Première cible de la critique, les dépenses colossales engagées pour l’organisation de l’événement qui atteignent d’ores et déjà près de 10 milliards d’euros ! Chiffre qui bien entendu ne prend pas en compte les dépenses liées, par exemple, à la sécurité aux abords des stades durant l’événement.
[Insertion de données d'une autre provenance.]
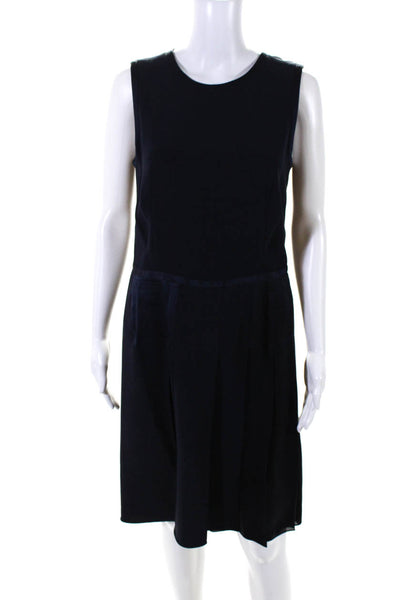 Giorgio Armani Womens Pleated Satin Sleeveless Midi A Line Dress Navy Blue IT 40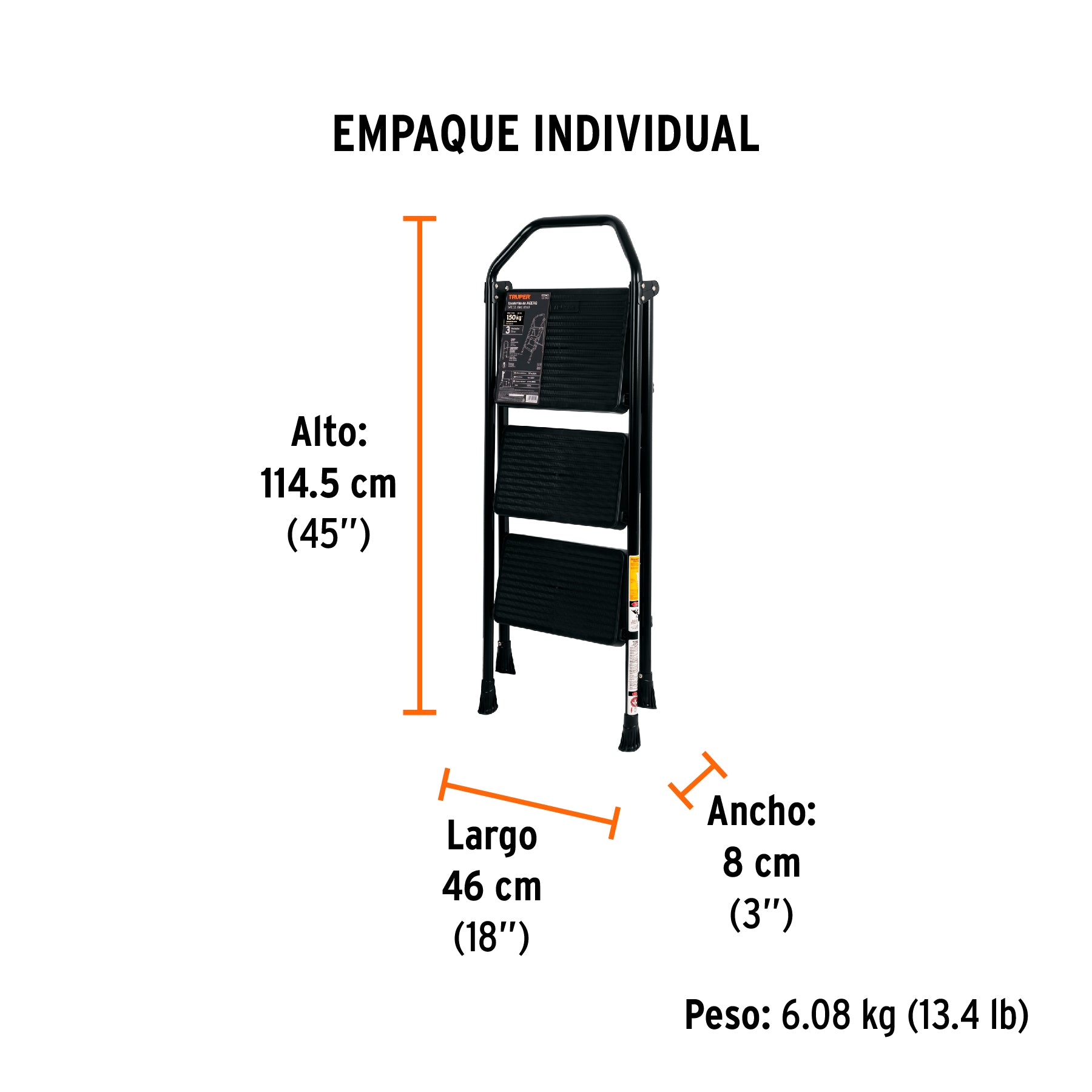 Escalera tubular, plegable, 3 peldaños, Truper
A titre de comparaison, pour organiser la précédente Coupe du monde, le gouvernement sud-africain avait engagé 3,45 milliards d’euros, pour un budget initialement prévu de 202 millions, ce pour des retombées bien moindres que celles escomptées au départ.

Retour sur investissement auquel ne croit pas non plus une bonne partie de la population brésilienne. De plus en plus nombreux sont ceux aujourd’hui qui qualifient l’organisation du Mondial de farce, sans bénéfice aucun pour la population, tandis que d’autres l’accusent de renforcer la fracture sociale ou encore d’être un vecteur de corruption. Et les groupes protestataires de dénoncer pêle-mêle les dépenses somptuaires réalisées dans le cadre de l’événement, l’inutilité de certains travaux, comparés parfois à « des éléphants blancs » , l’opacité de certains contrats et concessions dont ne tire profit qu’une poignée de grosses entreprises privées, les malversations ou détournements de fonds dont sont accusés plusieurs responsables politiques et sportifs, la flambée du prix des loyers dans les villes où se tiendra la compétition, ou encore l’imprévoyance des autorités dans un contexte de ralentissement économique, de reprise de l’inflation, et d’annonces répétées par le gouvernement de restrictions budgétaires dans plusieurs secteurs.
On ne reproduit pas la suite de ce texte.